Ode au Chaos

Chapitre 4 : Acte I - Scène 3

3574 mots, Catégorie: G

Dernière mise à jour 24/06/2024 16:27

Acte I - Scène 3

« Seuls survivent ceux qui le méritent. »


Les yeux fermement clos, j'attendis le choc avant l'immersion. Mais ma chute s'était déjà arrêtée. Lorsque j'ouvris les yeux, j'étais de nouveau sur le pont. Les bras de Zed s'étaient verrouillés contre de ma poitrine et mon dos maintenu contre son torse. La colère me submergea. Je hurlai. De toute ma rage, mes coudes lui fustigèrent les cotes. Comment osait-il me forcer à endurer ce déluge de souffrances ?! Lorsqu'il me lâcha, je m'effondrai en sanglots à genoux sur le plancher. Je compressai mon cœur, au supplice. 

« Cette souffrance... je veux que ça s'arrête... sanglotai-je. Pitié... »


Une main se posa sur mon épaule.

« J'ai peut-être de quoi l'atténuer un peu, déclara Zed. »

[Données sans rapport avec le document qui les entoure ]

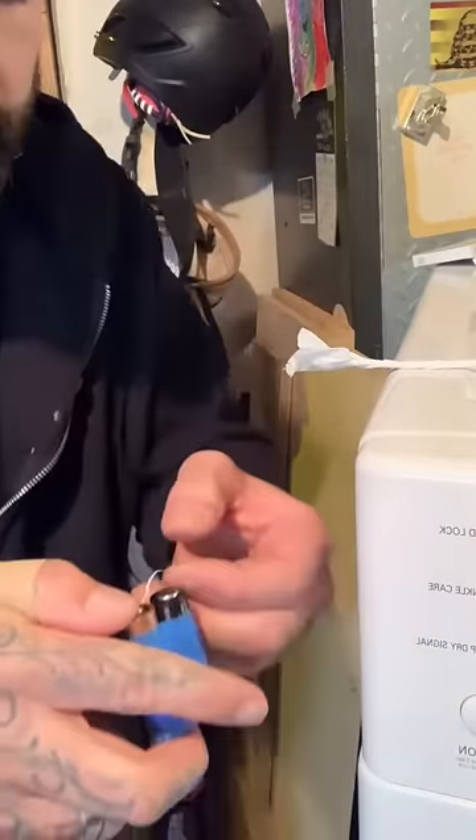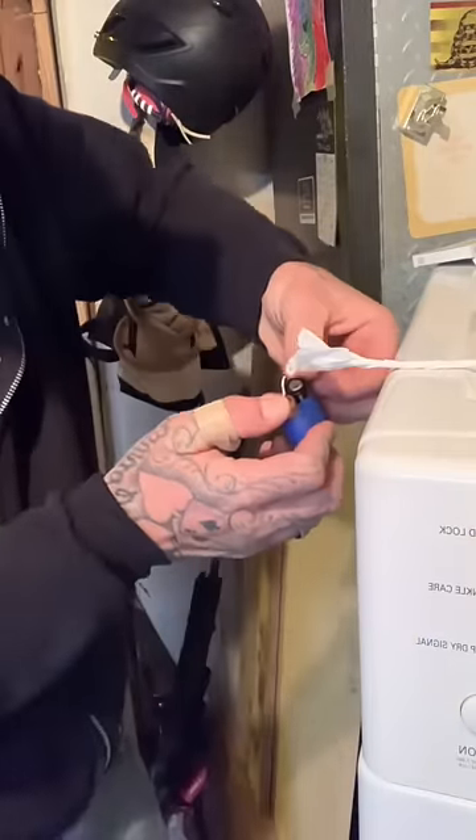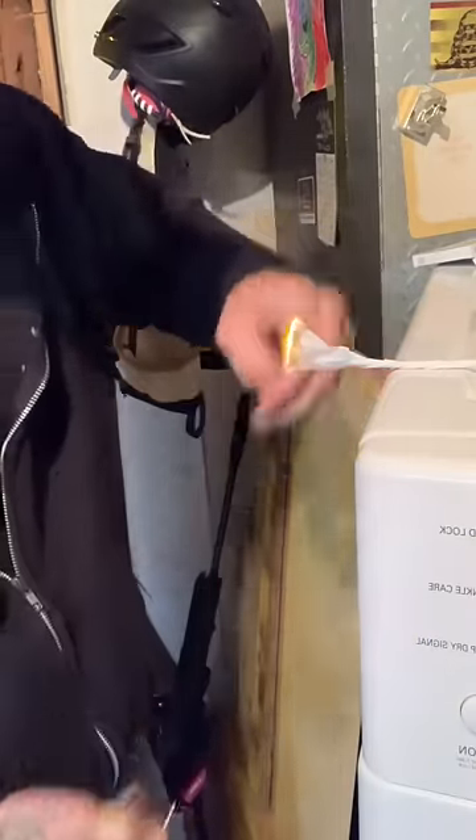Now for the toilet paper — take the toilet paper and we're gonna twist it up, leave the end a little bit fluffy. Foil side down, put it next to the toilet paper, and you can light your cigarette or your fire.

Étonnée, je séchai mes larmes d'un revers de manche, reniflai et me relevai tant bien que mal.

« Pour ça, je suis prête à tout accepter, déclarai-je.

— Suis-moi. »


Zed me conduit à la cabine principale et, à sa demande, je m'assis à la grande table sur laquelle il ralluma une bougie déjà fondue. Il fouilla rapidement dans le bar et revint avec deux bouteilles en verre : l'une qu'il posa sous mon nez dans un geste sec et l'autre face à moi où il prit aussitôt place.

« Ce n'est pas une solution à long terme, mais là... je crois que t'en as besoin... »


Je saisis son présent et l'interrogeai du regard.

« Rhum de Bilgewater, dit-il en avalant une gorgée au goulot. »


De tous les enseignements de Lyang, celui-ci me revint à l'esprit : inutile d'espérer noyer ton chagrin dans l'alcool, ce bougre sait nager. Mais dans le cas présent, j'estimais n'avoir rien à perdre. J'avalai quelques gorgées à la hâte. Mon palais flamba un instant, m'arrachant une grimace de douleur. Mais je m'accrochai à l'espoir de mettre fin à ma torture. Un long moment s'écoula dans un silence ponctuellement brisé par le claquement de nos bouteilles sur la table.

Les murs commencèrent doucement à vaciller. Zed prenait soin d'éviter quelconque échange de regard, alors je tentai de dénouer l'ambiance :

« Zed ? »


Il m'offrit aussitôt un regard attentif.

« Pourquoi tu es opposé au Kinkou ?

— (Il bu une gorgée avant de répondre) Je refuse simplement de laisser mon peuple se faire massacrer sans réagir... c'est pour cette raison que mes disciples me suivent... Nous défendons la justice, nous... »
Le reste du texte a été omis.